After eight years’ research, the team, led by Professor Chen Zhiwei, director of HKU’s Aids Institute, found that by injecting the drug, which is an engineered tandem bispecific broadly neutralizing antibody's named ‘BiIA-SG’, to humanized mice, HIV particles can be blocked from entering target cells, making it impossible to be infected with the virus, according to a press release by HKU.


Currently, patients who are infected with HIV need to take a combination of three anti-retroviral drugs every day to suppress the virus, otherwise the “level of the virus would rebound”, Chen said at a press conference.


But in the research, when the drug is injected into a group of infected mice, it was found that the viral load dropped significantly to “an almost undetectable level” for at least four weeks before 58 percent of the mice exhibited signs of a viral rebound, which leads to a promising efficacy of eliminating HIV-I infected cells in humanized mice - rodents which carry human genes, tissues and cells.

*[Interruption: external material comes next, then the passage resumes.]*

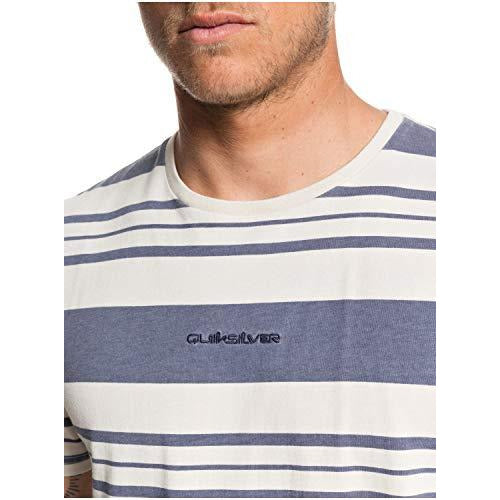Quiksilver Mens Max Hero Ss Tee Blue XXL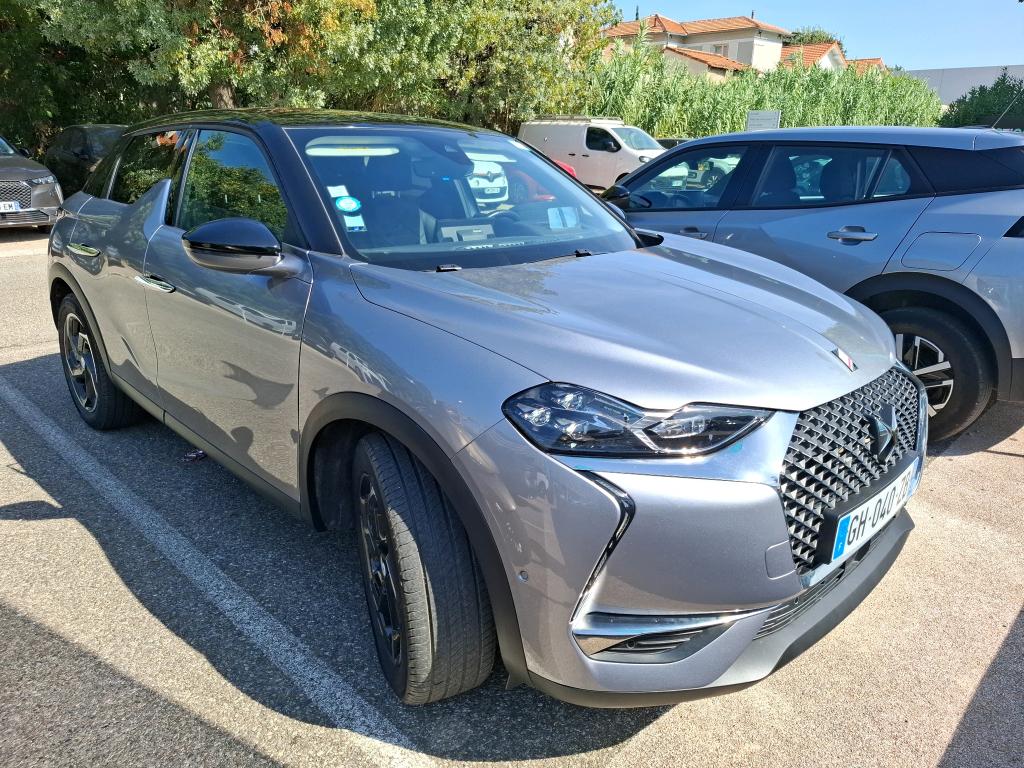DS DS3 Crossback E-Tense Rivoli 2022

Graphic abstract of the drug BiIA-SG


The research team’s goal, Chen said, was to lengthen the period of protection offered by its new antibody drug.


However, the team has so far only tested the drug on mice, but is now looking to experiment on larger animals such as monkeys, before conducting clinical trials on humans.


The findings of the study have been published in the Journal of Clinical Investigation, a peer-reviewed biomedical research journal published by the American Society for Clinical Investigation.